Platform Security Requirements

The Certification Criteria Catalog for Components defines various requirements for interoperability and security of an IDS Connector. It provides three different Trust Levels with an increasing number of requirements as explained in Section 4.2.4.

The following paragraphs provide an overview of important security requirements affecting the platform of an IDS connector and possible approaches for fulfilling them:

  • Integrity and authenticity of the software stack to prevent undesired behavior of a device: This is typically achieved by utilization of Secure Boot where each component in the boot process verifies the integrity and authenticity of the next component based on an initial root of trust and provided software signatures. Additionally, the (container) runtime may only start applications after verifying their software signatures.

  • Remote integrity verification / remote attestation, i.e., providing a proof of this integrity to a remote entity: For obtaining the proof of integrity, a device may use not only Secure Boot but also Measured Boot where the results from the integrity verifications (the measurements of all components) are securely stored and provided upon request. The measurements need to be secured from manipulation in later stages of the boot, e.g. by using a TPM with the Platform Configuration Registers (PCRs). These can only be extended, but not reset as long as the device is active. In case a Confidential Computing approach is used for reducing the size of the TCB, the offered remote attestation solution can be used as proof for the utilization of this technology and for proving the integrity of (some parts of) the TCB. The measurements need to be put into context by metadata describing the software behind these measurements as explained in Section 4.1.2 and Section 4.1.5.

  • Protecting integrity and confidentiality of data at rest: Depending on the type of data, integrity and confidentiality of the data needs to be protected. It is typically achieved by encrypting data before persistently storing it, e.g. with disk encryption or by using a database that stores data only in encrypted form. Backups shall always be encrypted to prevent unauthorized access to them.

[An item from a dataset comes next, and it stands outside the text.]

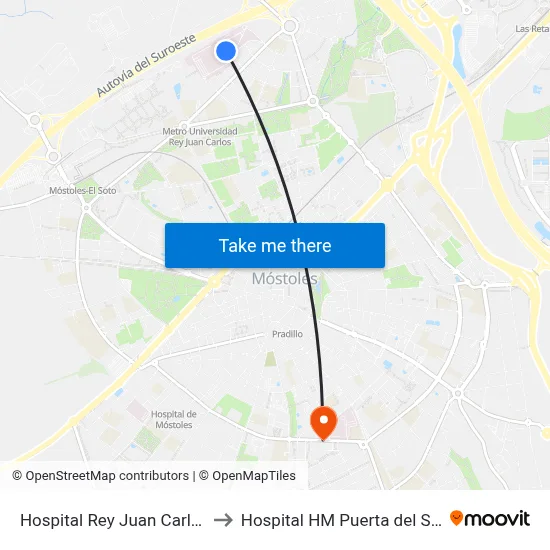 Hospital Rey Juan Carlos to Hospital HM Puerta del Sur map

  • Isolation of processes: To reduce the attack surface, interactions between different applications on the system shall be kept to a minimum and each application shall only get the privileges it requires. This can be achieved by isolating and restricting applications (containers) using security mechanisms in the Linux kernel such as namespaces, cgroups, AppArmor, SELinux, Linux capabilities and seccomp.

  • Tracking of events: In case of security incidents, it is important to be able to reconstruct what happened on a connector. This is addressed by an integrity-protected audit log for all security-relevant events on the device. Logging should be performed on all layers: Within the platform up to the container runtime, e.g. by using a logging framework for Linux such as journald, and on the application layer. The latter can be done either by using a defined interface to the platform logging or by using an application-specific solution.

  • Protecting utilized keys: The cryptographic material (typically keys) used to achieve many of the requirements described above needs to be stored and used in a way that protects its confidentiality (for symmetric or private keys) or integrity (for public keys). Public keys used as root of trust for integrity and authenticity verification are typically provisioned onto the device during a secure initialization phase which is conducted in a secure environment. Private keys used by the device should be generated directly on the device and never directly displayed/provided to users or processes using them. Depending on the chosen Trust Level, the usage of hardware protection mechanisms such as, e.g., a HSM or TPM, is necessary.

  • Achieving protection from malicious administrators: For Trust Level 3, a connector shall be protected against an internal attacker which has legitimate access to the connector. In order to fulfill all security requirements, this requires a strong reduction of the administration possibilities for a connector. A (single) connector administrator must never get direct control over any layer of the system, but administration of the connector needs to be realized via predefined and restricted management interfaces.